■ What the exercise asks: In the listing below, a line holding "Удлинитель USB 3.0" and a line holding "NASHVILLE PREDATORS HOCKEY" mark the range. Retype both exactly, with all lines between them.

*** Opening of Material supplied ***

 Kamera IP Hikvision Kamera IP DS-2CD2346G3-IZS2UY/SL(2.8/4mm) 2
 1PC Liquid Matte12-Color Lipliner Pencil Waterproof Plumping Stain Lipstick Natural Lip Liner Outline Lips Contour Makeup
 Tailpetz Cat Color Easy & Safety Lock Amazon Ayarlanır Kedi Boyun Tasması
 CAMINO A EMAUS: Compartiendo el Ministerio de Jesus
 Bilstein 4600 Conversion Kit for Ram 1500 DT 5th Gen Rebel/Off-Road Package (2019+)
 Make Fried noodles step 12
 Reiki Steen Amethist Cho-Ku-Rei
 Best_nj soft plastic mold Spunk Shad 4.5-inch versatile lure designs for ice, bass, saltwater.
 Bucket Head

*** Close of Material supplied ***
*** Opening of Material supplied ***

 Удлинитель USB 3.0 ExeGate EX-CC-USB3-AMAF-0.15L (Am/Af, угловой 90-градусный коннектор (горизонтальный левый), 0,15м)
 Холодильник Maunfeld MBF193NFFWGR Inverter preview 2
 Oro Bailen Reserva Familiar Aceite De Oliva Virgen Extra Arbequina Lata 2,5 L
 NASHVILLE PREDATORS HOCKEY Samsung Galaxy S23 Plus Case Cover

*** Close of Material supplied ***
*** Opening of Material supplied ***

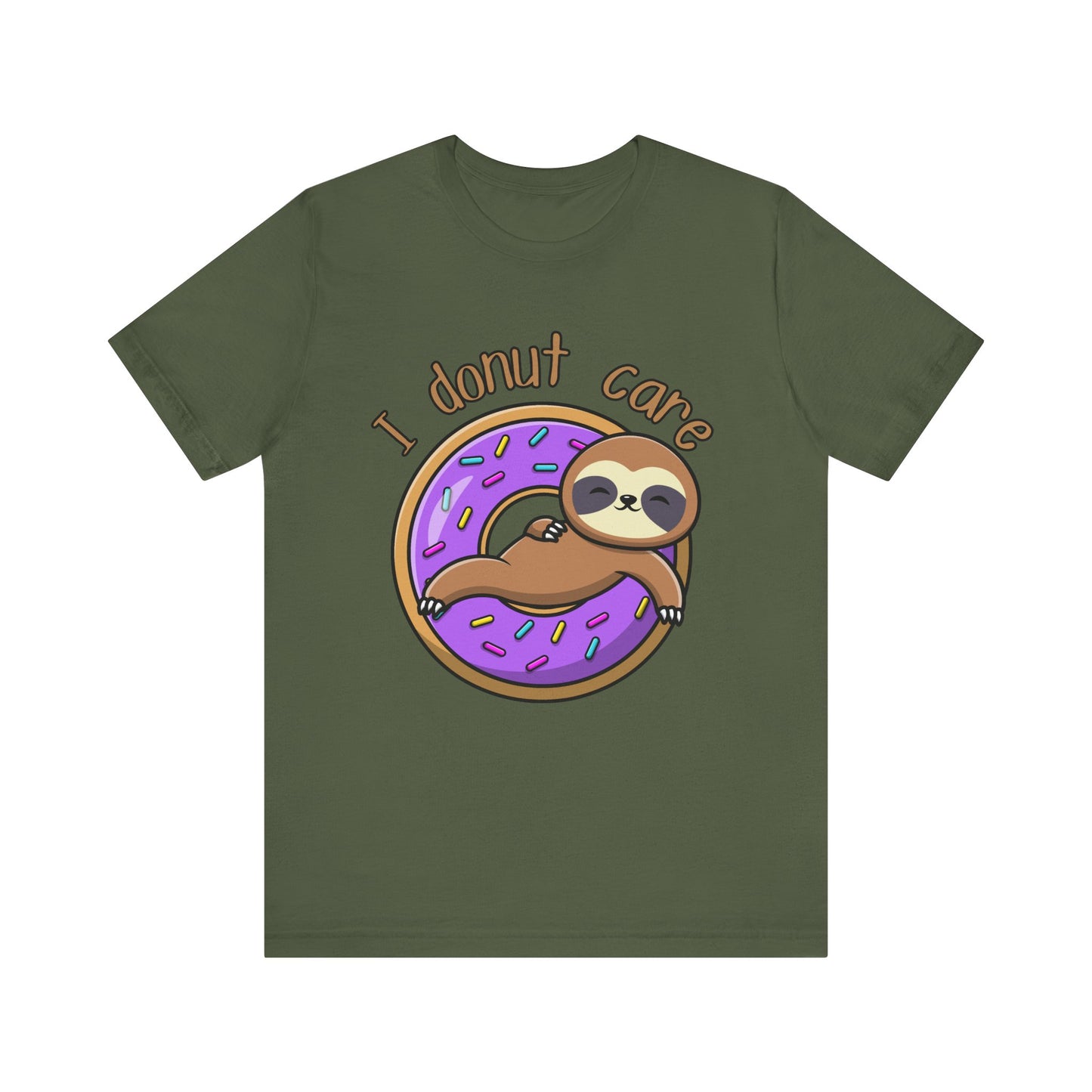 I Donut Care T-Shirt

*** Close of Material supplied ***

■ Result of this exercise:
 Удлинитель USB 3.0 ExeGate EX-CC-USB3-AMAF-0.15L (Am/Af, угловой 90-градусный коннектор (горизонтальный левый), 0,15м)
 Холодильник Maunfeld MBF193NFFWGR Inverter preview 2
 Oro Bailen Reserva Familiar Aceite De Oliva Virgen Extra Arbequina Lata 2,5 L
 NASHVILLE PREDATORS HOCKEY Samsung Galaxy S23 Plus Case Cover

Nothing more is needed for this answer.